Question

How do you find the 108^th derivative of \[y=\cos \left( x \right)\]?

Answer 1

Hint: Now we will differentiate the function again and again till we see a pattern in the differential obtained. Now with the help of this pattern we can see that every $4{{n}^{th}}$ derivative of the function the cycle repeats as the fourth derivative is $\cos x$ . Hence we can easily find the ${{108}^{th}}$ derivative of the function.

Complete step by step solution:
Now consider the function $y=\cos x$ . Now we know that the derivative of $\cos x$ is $-\sin x$ .
Hence we can say that the first derivative of the function \[y=\cos \left( x \right)\] is $-\sin x$ .
Now the derivative of $\sin x$ is nothing but $\cos x$ .
Hence we can say that the second derivative of the function \[y=\cos \left( x \right)\] is $-\cos x$ .
Now again differentiating the function we get the third derivative of the function \[y=\cos \left( x \right)\] as $\sin x$ .
And finally again differentiating the function we get the fourth derivative of the function \[y=\cos \left( x \right)\] as $\cos x$ . Hence we can see that the derivatives of $\cos x$ repeats a cycle after every fourth derivative.
Hence after differentiating the function 4n times we will still get \[\cos x\]
Now we want to differentiate the function 108 times.
Now we know that 108 is nothing but $27\times 4$ .
Hence we want to differentiate the function 4n times where n = 27.

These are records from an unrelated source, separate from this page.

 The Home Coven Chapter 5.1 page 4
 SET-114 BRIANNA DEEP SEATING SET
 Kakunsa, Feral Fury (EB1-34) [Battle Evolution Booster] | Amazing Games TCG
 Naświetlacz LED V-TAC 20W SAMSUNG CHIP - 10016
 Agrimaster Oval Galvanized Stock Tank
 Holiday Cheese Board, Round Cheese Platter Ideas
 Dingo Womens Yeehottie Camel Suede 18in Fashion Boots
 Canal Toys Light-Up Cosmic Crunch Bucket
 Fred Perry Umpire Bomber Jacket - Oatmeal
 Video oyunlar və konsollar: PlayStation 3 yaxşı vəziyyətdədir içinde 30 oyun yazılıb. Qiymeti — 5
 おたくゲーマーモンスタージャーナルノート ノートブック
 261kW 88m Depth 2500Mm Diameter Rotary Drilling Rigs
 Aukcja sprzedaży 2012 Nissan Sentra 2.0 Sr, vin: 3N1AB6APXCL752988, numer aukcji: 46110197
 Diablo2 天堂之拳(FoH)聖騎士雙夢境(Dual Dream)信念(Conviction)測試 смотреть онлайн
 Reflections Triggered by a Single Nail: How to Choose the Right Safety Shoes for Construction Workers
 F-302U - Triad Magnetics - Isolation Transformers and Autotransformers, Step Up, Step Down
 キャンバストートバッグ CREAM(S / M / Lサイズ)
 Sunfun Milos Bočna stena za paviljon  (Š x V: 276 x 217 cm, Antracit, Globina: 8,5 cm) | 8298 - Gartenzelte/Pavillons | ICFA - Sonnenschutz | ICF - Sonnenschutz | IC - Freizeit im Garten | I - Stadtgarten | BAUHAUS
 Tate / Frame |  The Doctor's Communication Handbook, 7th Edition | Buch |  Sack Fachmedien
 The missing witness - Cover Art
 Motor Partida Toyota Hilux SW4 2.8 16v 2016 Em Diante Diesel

Now we know that on differentiating the function 4 times we get cosx. Hence the ${{108}^{th}}$ derivative of $\cos x$ is nothing but $\cos x$.

Note: Now note that if the ${{n}^{th}}$ derivative is not divisible by 4 then we write n as 4k + r. where r is the remainder obtained after dividing by 4. Hence the ${{n}^{th}}$ derivative is same as ${{r}^{th}}$ derivative and we can calculate ${{r}^{th}}$ derivative as r is less than 4.